Seventeen-year-old Ashley Reeves was found paralyzed, covered in insect bites and near death in a densely wooded park just miles from her home and school.

Police say she had been lying there more than 30 hours, after having been left there to die by a former teacher Thursday evening.

But what the teacher — 26-year-old Samson Shelton, who has been charged with attempted murder — is accused of doing next has become a disturbing part of the case, John Mills of St. Louis CBS affiliate KMOV-TV reports for CBS News' The Early Show.

Police have identified Shelton on a videotape shot the night Reeves disappeared. In it, he is line dancing at a well known local country music club, just as he did on many Thursday nights, as if nothing unusual was going on.

"It's hard for me to believe that he would drag her out in the woods to die and then go to a place and go dancing," St. Clair County Sheriff Mearl Justus told KMOV-TV. "He's even lower than I thought he was."
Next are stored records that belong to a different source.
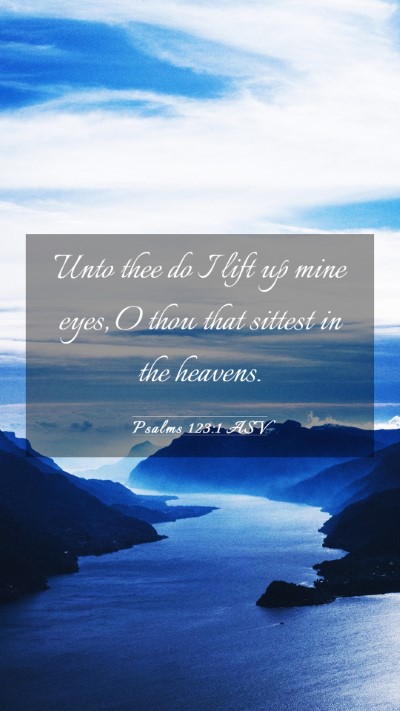 Picture 03 - Psalms 123:1 ASV Mobile Phone Wallpaper - Unto thee do I lift up mine eyes, O thou that - Mobile Bible Verse Wallpaper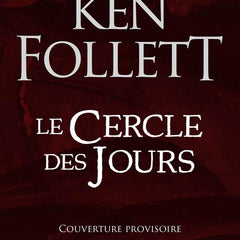 Le Cercle des jours  by Ken Follett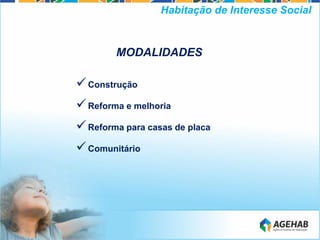 MODALIDADES
Construção
Reforma e melhoria
Reforma para casas de placa
Comunitário
Habitação de Interesse Social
Shelton reportedly frequented Wild Country, a dance club in a nearby St. Louis suburb, especially Thursdays when the television show "St. Louis Country" is taped.



Police say earlier Thursday evening, Shelton broke Reeves' neck with his forearm and tried to strangle her with a belt before leaving her in the woods. Reeves' vehicle was found in another park where she and Shelton may have met.

Sheriff's department investigators say friends of Reeves have said the teen had befriended the teacher a couple months ago, and the pair had been playing basketball often. Reeves was last seen by her family around 3:30 p.m. Thursday when she told them she was going to a job interview at a shoe store.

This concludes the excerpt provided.